No matter what I'll be doing in terms of full-time work next year, I will have another book out. After five years of work, When We Were the Kids finally arrives, even if it's via self-publishing.

The hard thing is letting this story be unleashed to the world. I'm not embarrassed by what I've written; I'm more like a protective parent who doesn't want his child to get beat up on the playground within an hour of going to school.

What's very hard about writing a fictional story is that I have a hard time knowing when something is truly "done." Storytelling and editing collide and you become addicted to tweaking. I'm convinced that if it weren't for deadlines, most books would never be published.

I have intentionally only showed snippets of the book to a couple of people. I don't want too many proverbial cooks in the kitchen, but I appreciate honest feedback. And I want the kind of feedback that doesn't tear me limb from limb under the thin veil of "honesty." I want honest feedback, but not something that gets personal and offensive. So far, the feedback has been very helpful.

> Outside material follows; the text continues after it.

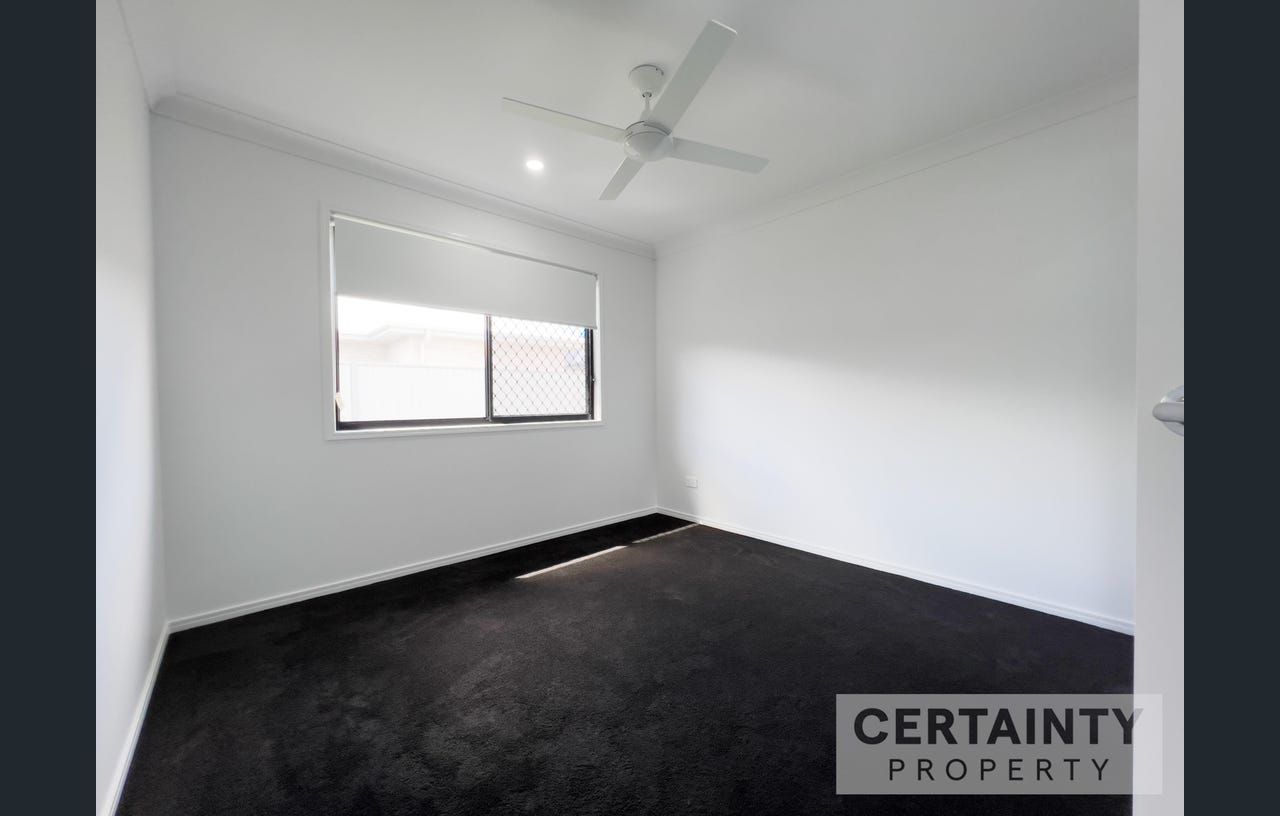 Gaming Home with OOA seeking male house mate — Home image 4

Maybe I'm in the wrong business, but I can't suppress this book inside my head and my hard drive forever. This is something I want out there. Yet I tend to find myself coming up with more anecdotes every few days, wanting to tweak some more.

One last thing: I'm happy to say I have taken the book's cover image, using items that are literally behind my computer desk. I just so happen to have a drum set, guitar and bass, and amps around whenever I feel the urge to play. Since this is a story about how people came to play music (and most of them still play it), I figured this was a perfect sort of set-up for a book cover.

So, there's the update. Once this sucker comes out, you'll hear about it, at least from this spot.